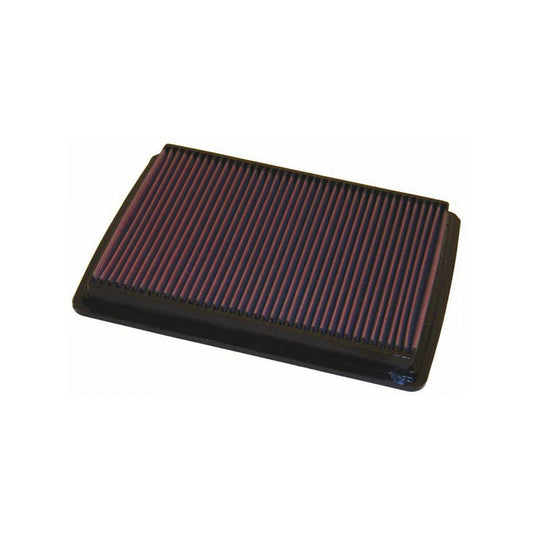 K&N Tauschluftfilter passend für Jeep Liberty 2001-2007 / Grand Cherokee (33-2233)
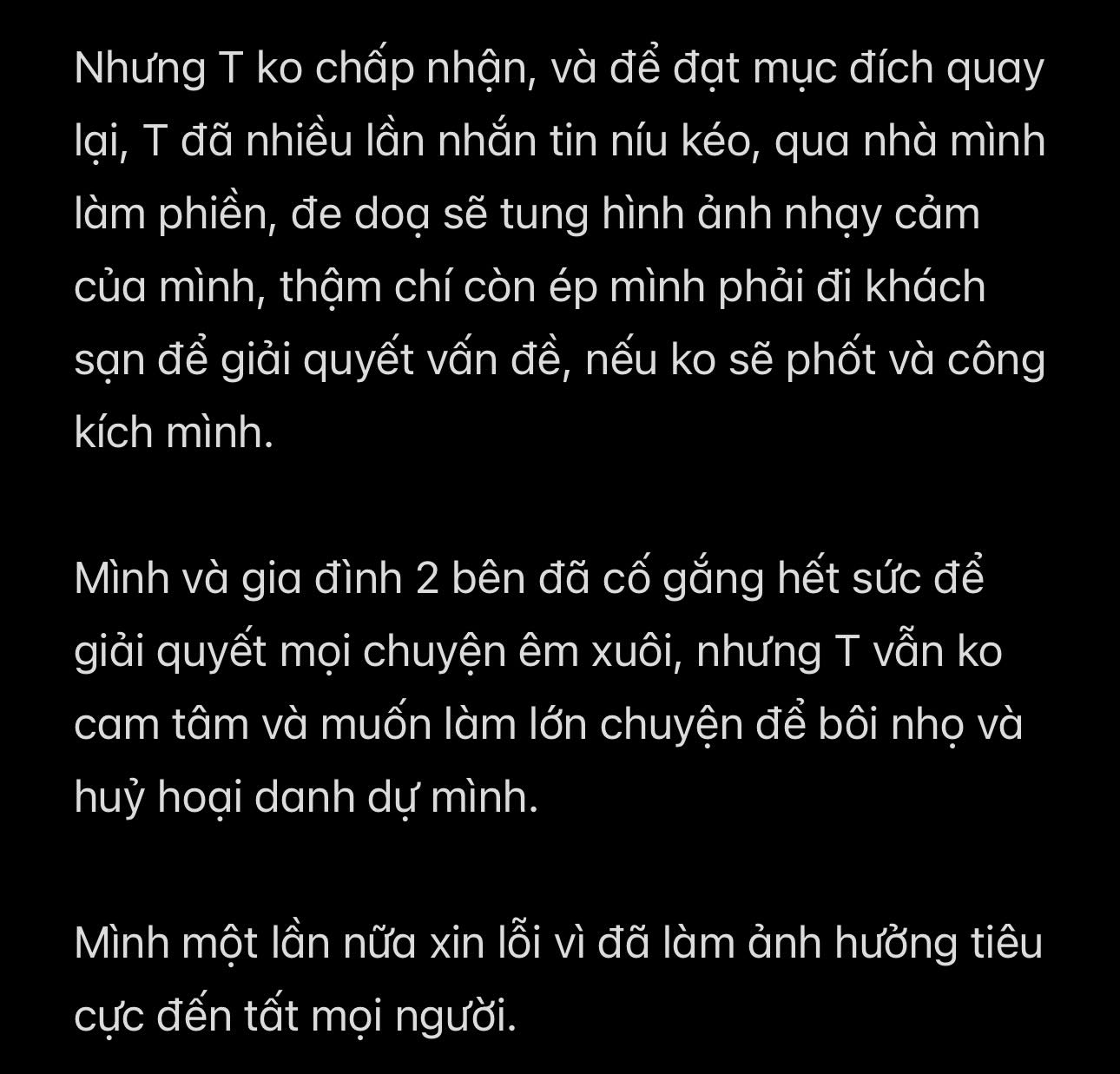 Hot girl Diệp Phương Linh lên tiếng, khẳng định người yêu đồng ý cho mình đi ăn omakase cùng rapper N- Ảnh 2.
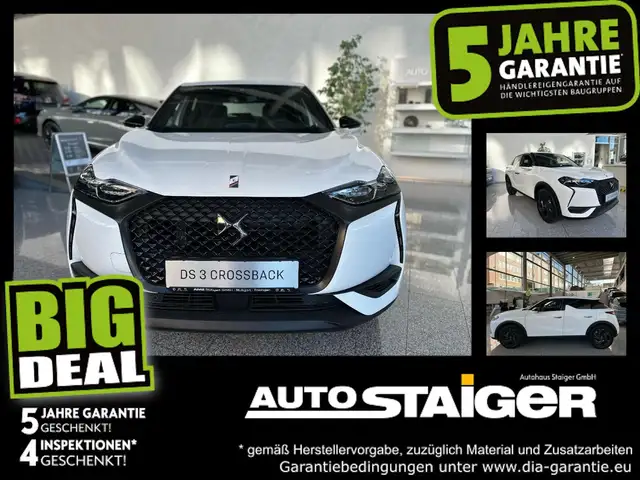 DS Automobiles DS 3 Crossback DS3 Crossback E-Tense Performance Line + *NAVI*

##########

» What the task asks: Output all the material verbatim, skipping every image.

» Exercise solution:
 K&N Tauschluftfilter passend für Jeep Liberty 2001-2007 / Grand Cherokee (33-2233)
 Hot girl Diệp Phương Linh lên tiếng, khẳng định người yêu đồng ý cho mình đi ăn omakase cùng rapper N- Ảnh 2.
 DS Automobiles DS 3 Crossback DS3 Crossback E-Tense Performance Line + *NAVI*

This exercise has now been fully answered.